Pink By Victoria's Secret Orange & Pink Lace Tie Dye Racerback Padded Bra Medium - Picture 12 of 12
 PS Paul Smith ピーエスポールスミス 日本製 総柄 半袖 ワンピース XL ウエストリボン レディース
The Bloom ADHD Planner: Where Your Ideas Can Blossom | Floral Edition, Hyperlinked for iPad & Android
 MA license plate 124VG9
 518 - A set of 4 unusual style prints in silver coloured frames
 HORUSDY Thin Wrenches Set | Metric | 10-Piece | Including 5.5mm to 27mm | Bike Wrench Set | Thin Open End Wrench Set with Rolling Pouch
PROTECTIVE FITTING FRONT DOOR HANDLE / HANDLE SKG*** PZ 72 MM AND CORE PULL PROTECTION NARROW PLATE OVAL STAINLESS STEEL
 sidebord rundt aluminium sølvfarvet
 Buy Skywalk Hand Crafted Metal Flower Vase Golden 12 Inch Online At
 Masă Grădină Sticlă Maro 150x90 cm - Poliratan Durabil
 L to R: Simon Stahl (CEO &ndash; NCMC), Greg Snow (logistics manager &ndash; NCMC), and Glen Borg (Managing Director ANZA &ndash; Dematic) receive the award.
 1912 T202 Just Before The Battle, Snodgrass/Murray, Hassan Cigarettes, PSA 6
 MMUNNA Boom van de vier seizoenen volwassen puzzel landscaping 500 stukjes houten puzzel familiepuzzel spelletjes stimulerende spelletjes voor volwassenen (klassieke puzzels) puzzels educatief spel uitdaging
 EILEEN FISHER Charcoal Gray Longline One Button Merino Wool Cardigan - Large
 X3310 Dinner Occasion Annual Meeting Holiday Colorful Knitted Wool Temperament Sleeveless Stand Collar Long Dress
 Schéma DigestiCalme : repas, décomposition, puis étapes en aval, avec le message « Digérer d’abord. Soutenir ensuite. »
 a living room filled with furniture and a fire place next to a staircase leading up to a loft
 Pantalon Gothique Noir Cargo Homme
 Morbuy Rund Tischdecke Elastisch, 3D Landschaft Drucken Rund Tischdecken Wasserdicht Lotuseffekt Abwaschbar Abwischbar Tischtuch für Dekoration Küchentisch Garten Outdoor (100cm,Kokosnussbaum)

> [Problem] The response should hold exactly the lines starting at the line with "PROTECTIVE FITTING FRONT" and ending at the line with "Pantalon Gothique Noir Cargo Homme", and no other line of the material above.

> [Answer box]
PROTECTIVE FITTING FRONT DOOR HANDLE / HANDLE SKG*** PZ 72 MM AND CORE PULL PROTECTION NARROW PLATE OVAL STAINLESS STEEL
 sidebord rundt aluminium sølvfarvet
 Buy Skywalk Hand Crafted Metal Flower Vase Golden 12 Inch Online At
 Masă Grădină Sticlă Maro 150x90 cm - Poliratan Durabil
 L to R: Simon Stahl (CEO &ndash; NCMC), Greg Snow (logistics manager &ndash; NCMC), and Glen Borg (Managing Director ANZA &ndash; Dematic) receive the award.
 1912 T202 Just Before The Battle, Snodgrass/Murray, Hassan Cigarettes, PSA 6
 MMUNNA Boom van de vier seizoenen volwassen puzzel landscaping 500 stukjes houten puzzel familiepuzzel spelletjes stimulerende spelletjes voor volwassenen (klassieke puzzels) puzzels educatief spel uitdaging
 EILEEN FISHER Charcoal Gray Longline One Button Merino Wool Cardigan - Large
 X3310 Dinner Occasion Annual Meeting Holiday Colorful Knitted Wool Temperament Sleeveless Stand Collar Long Dress
 Schéma DigestiCalme : repas, décomposition, puis étapes en aval, avec le message « Digérer d’abord. Soutenir ensuite. »
 a living room filled with furniture and a fire place next to a staircase leading up to a loft
 Pantalon Gothique Noir Cargo Homme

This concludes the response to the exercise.